ABOUT If Armenia can overcome its many problems, it will make a fascinating destination. There is a surprising beauty in its stark rocky countryside, where the fruits of human culture and cultivation stand out in contrast against the stony background. Orchards and vineyards provide unexpected color, and historic cities and monasteries perch on scenic mountaintops. In Yerevan, the capital, street life is beginning to blossom a bit, with outdoor cafes sprouting up during warmer months. Outside the capital, though, there are few amenities for travelers, and water shortages occur sporadically. What's more, the lack of a permanent peace settlement following a long dispute with neighboring Azerbaijan has delayed a return to stability and normality for Armenia. For now, only adventurous travelers will want to visit the country.

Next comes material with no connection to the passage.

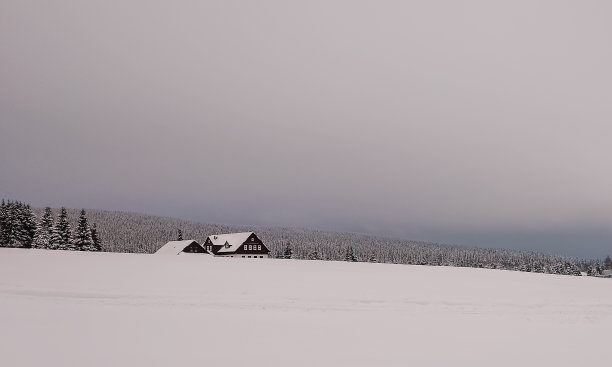 阴森林中小屋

CLIMATE Armenia temperatures can vary considerably between seasons. The weather changes according to the great variety of geographic terrain. While it may be sunny and hot in the Ararat valley, 60 kilometers away in Sevan it may be cold and rainy, and snowing in the upper regions of Aragats. Common July temperatures range between Ararat Valley highs of 25-30° C (77-86° F) to middle mountain regions summer highs of 18-20° C (64-68° F). The summer is generally pleasant reaching 25°C, though in the Ararat valley temperatures can climb to 40°C.

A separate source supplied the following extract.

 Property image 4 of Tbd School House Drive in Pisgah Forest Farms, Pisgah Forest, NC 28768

BEWARE The current advice is against all but essential travel in the area of the closed border between Armenia and Azerbaijan, particularly in the Tavush and Gegharkunik regions. The FCO advise against all travel on the road between Ijevan and Noyemberyan, which passes close to the border. In April and June 2012, there were reports of ceasefire violations along the Armenia-Azerbaijan border which resulted in a number of deaths and casualties.